Que mon manque de tact et de corporatisme vous ai titillé, je le comprends. Je m’énerve parfois moi-même. Par contre, que vous censuriez mes propos pour protéger votre image et la sensibilité de votre journaliste est journalistiquement inacceptable (bien qu’humainement louable). En cette période où la liberté d’expression semble être une préoccupation pour des millions de Français et l’ensemble des salles de rédaction, votre geste me paraît pour le moins déplacé.
Je vous serai donc gré de publier mon passage en plateau après le reportage, comme vous le faîtes pour toutes les autres émissions Focus où des "experts" interviennent. Non pas pour me faire plaisir mais par déontologie et au nom d’une certaine idée de la liberté."

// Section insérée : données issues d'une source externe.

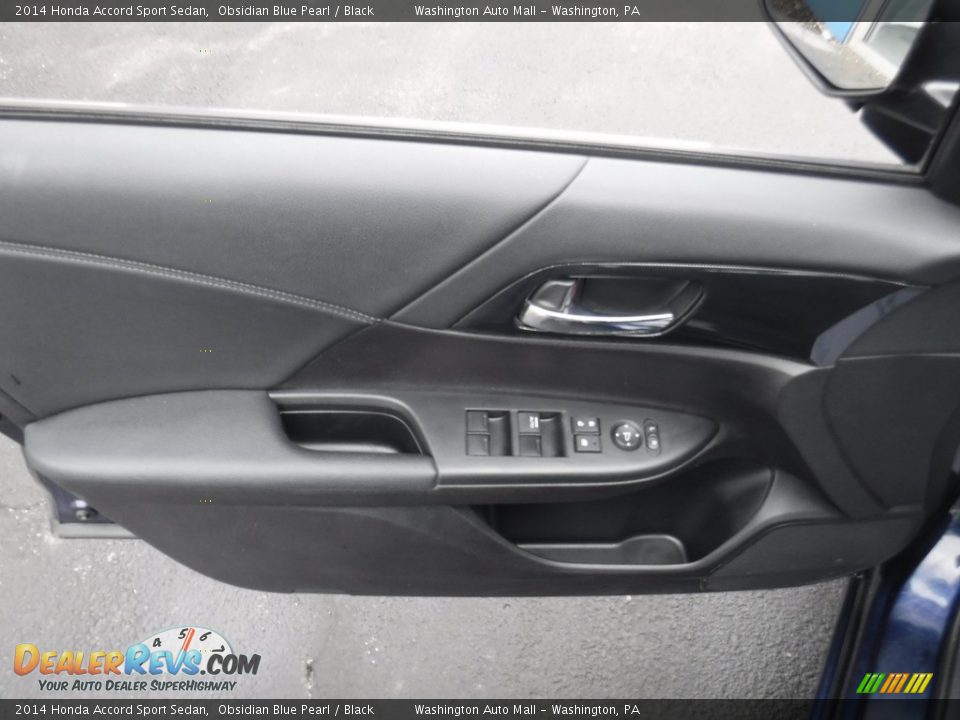 2014 Honda Accord Sport Sedan Obsidian Blue Pearl / Black Photo #12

Quelques heures plus tard, la réponse du rédacteur en chef, Alberic de Gouville, tombe :
« Merci pour vos leçons de déontologie, j’en prends note. Néanmoins, étant donné que vous considérez vous-même être venu « faire le pitre », nous n’avons pas jugé nécessaire de mettre en ligne votre intervention. Si vous considérez qu’il s’agit de censure, libre à vous. Sachez simplement que, chaque jour, nous prenons des décisions concernant la mise en ligne, ou non, des interventions de nos invités, reportages et correspondances. Cela relève de la responsabilité éditoriale de notre chaine.
Je ne regrette aucunement d’avoir personnellement insisté pour que quelqu’un ayant votre profil soit invité. Votre intervention, sur le fond, était d’ailleurs intéressante , et ne me semblait pas être celle d’un « pitre ». Néanmoins, vous comprendrez que le masochisme a des limites et qu’il n’est pas question que tourne en boucle sur le net l’intervention d’un invité qualifiant notre travail de ’moyen’. »
Alberic de Gouville l’a très bien compris, par « faire le pitre », j’entendais simplement braver ma timidité pour me montrer à la TV. Ceci mis à part, le reste de sa réponse a le mérite d’être honnête : Ce n’est pas la pertinence de mon intervention qui pose problème, mais le fait que j’ai critiqué le reportage. Il n’est pas opposé à une certaine radicalité des propos, tant qu’elle ne concerne pas sa chaîne, ses journalistes ou la façon dont ils travaillent. Sur France 24, vous êtes libres de tout dire, tant que cela ne concerne pas France 24.
Si Alberic de Gouville décide finalement de diffuser l’interview in extenso, nous serons heureux de la publier ici pour que les lecteurs puissent juger par eux-mêmes du bien-fondé de la décision de France 24 de censurer mes propos.